Abstract

A grounded memristor emulator circuit operating from 16Hz to 860kHz is proposed. The emulator circuit is built around a plus-type second generation current conveyor, a four quadrant analog multiplier, a capacitor and a resistor. Two DC voltage sources are used for controlling the zero crossing of the frequency-dependent pinched hysteresis loop over a broad range of amplitude Am of the input signal, and principally when the memristor emulator circuit is operating at high-frequency. It describes in detail the derivation of the behavioral model of the proposed emulator circuit, including parasitic elements and showing that the charge-controlled memductance is a first-order function. Furthermore, a design guide to choose the numerical value of each discrete element in function of the operating frequency and Am is also given.

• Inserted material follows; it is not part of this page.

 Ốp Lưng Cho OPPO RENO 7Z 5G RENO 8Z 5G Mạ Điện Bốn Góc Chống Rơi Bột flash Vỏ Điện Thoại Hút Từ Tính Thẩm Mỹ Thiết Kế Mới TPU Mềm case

The emulator circuit is built with off-the-shelf devices, and numerical results obtained by means of the behavioral model are compared with HSPICE simulations and experimental tests, showing good agreement among all them in a wide range of frequencies. This is against with some memristor emulator circuit available in the literature which present a good behavior at low-frequency and however, the zero crossing of the pinched hysteresis loop is deviated when the operating frequency increases. It is worth to stress that for the best knowledge of the authors, this is the first memristor emulator circuit that is operating to high-frequency. Moreover, the proposed emulator circuit can be configured as decremental or incremental memristor in order to be used in future applications such as cellular neural networks, modulators, sensors, chaotic systems, relaxation oscillators, nonvolatile memory devices and programmable analog circuits.